Führt der Leistungsempfänger wegen der Zuwendung einen Verwaltungsrechtsstreit gegen die Bewilligungsbehörde, so gilt: Die Jahresfrist beginnt erst mit der Beendigung des Prozesses zu laufen (BVerwGE 143, 230 Rn. 30 a.a.O.; OVG Magdeburg B 26.1.2010 – 1 L 10/10, juris = NVwZ-RR 2010, 551; OVG Bremen U 16.2.2011 – 2 A 37/09, juris = NordÖR 2011, 197).
Im Verwaltungsprivatrecht scheidet ein Rückgriff auf die Jahresfrist aus (BGH U 6.11.2009 – V ZR 63/09, juris = NVwZ 2010, 531).
Die Jahresfrist des § 48 Abs. 4 VwVfG kann nach Unionsrecht entfallen. Sie findet zum Beispiel bei der Rücknahme einer gemeinschaftsrechtswidrigen Subvention keine Anwendung (BVerwG U 23.4.1998 – 3 C 15/97, juris = BVerwGE 106, 328).

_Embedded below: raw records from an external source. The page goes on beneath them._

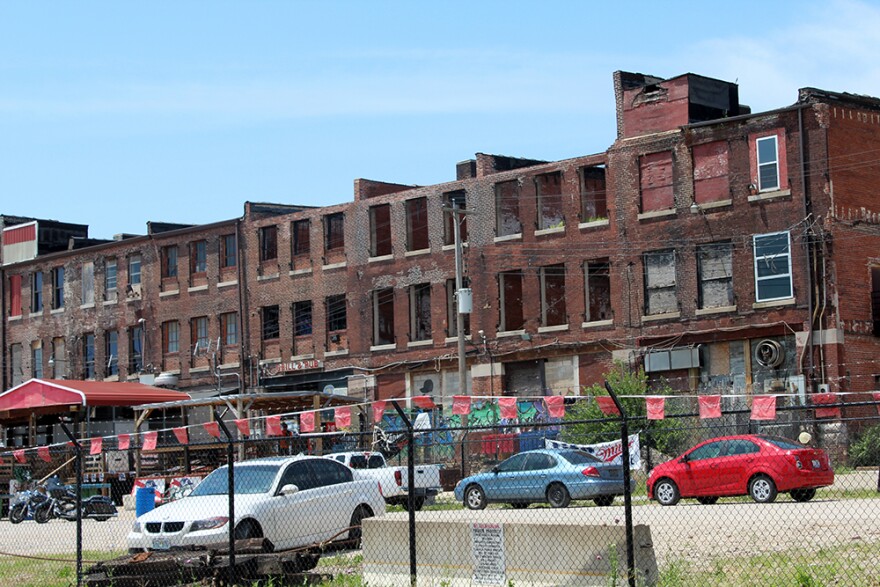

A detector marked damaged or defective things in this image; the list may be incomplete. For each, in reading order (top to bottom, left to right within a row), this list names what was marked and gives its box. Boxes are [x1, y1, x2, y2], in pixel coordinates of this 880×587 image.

broken window [161, 246, 178, 278]
broken window [162, 322, 180, 354]
broken window [190, 240, 207, 274]
broken window [260, 225, 276, 262]
broken window [262, 308, 278, 340]
broken window [292, 219, 310, 256]
broken window [292, 304, 312, 336]
broken window [324, 216, 344, 253]
broken window [326, 294, 348, 330]
broken window [368, 204, 392, 258]
broken window [372, 288, 396, 346]
broken window [406, 199, 430, 252]
broken window [408, 284, 432, 342]
broken window [444, 191, 464, 246]
broken window [444, 282, 470, 340]
broken window [496, 180, 524, 238]
broken window [498, 272, 524, 330]
broken window [536, 172, 564, 230]
broken window [540, 266, 568, 328]
broken window [580, 167, 608, 222]
broken window [584, 258, 612, 322]
broken window [640, 152, 672, 214]
broken window [644, 252, 676, 316]
broken window [696, 141, 728, 206]
broken window [696, 241, 732, 310]
broken window [752, 231, 796, 304]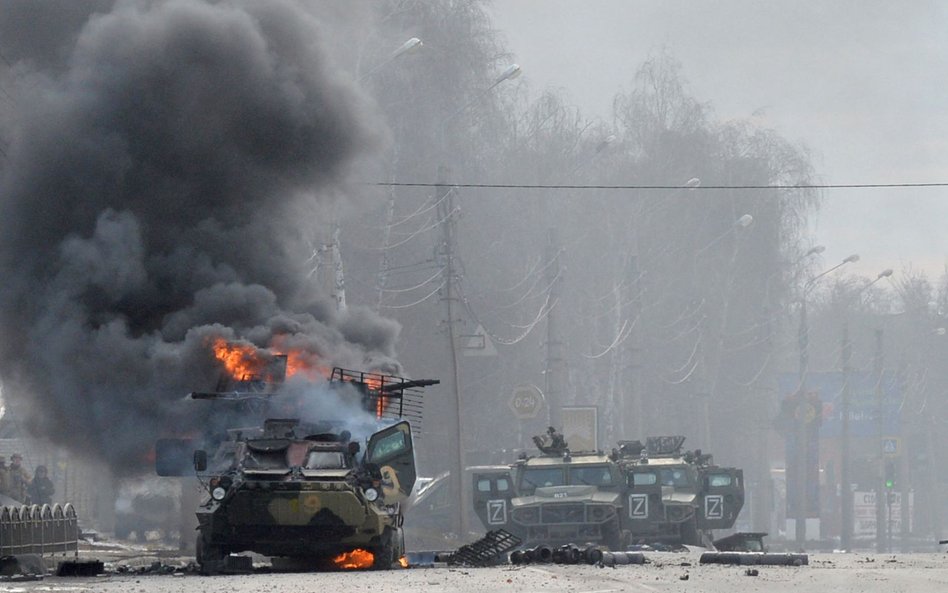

Bei der Rückforderung einer gemeinschaftsrechtswidrigen Subvention greift das Unionsrecht sogar noch schärfer ein: Die Entscheidung eines nationalen Gerichts, welche die Rückforderung behindert, erlangt keine Rechtskraft (EuGH U 18.7.2007 – C-119/05, juris = DÖV 2007, 835).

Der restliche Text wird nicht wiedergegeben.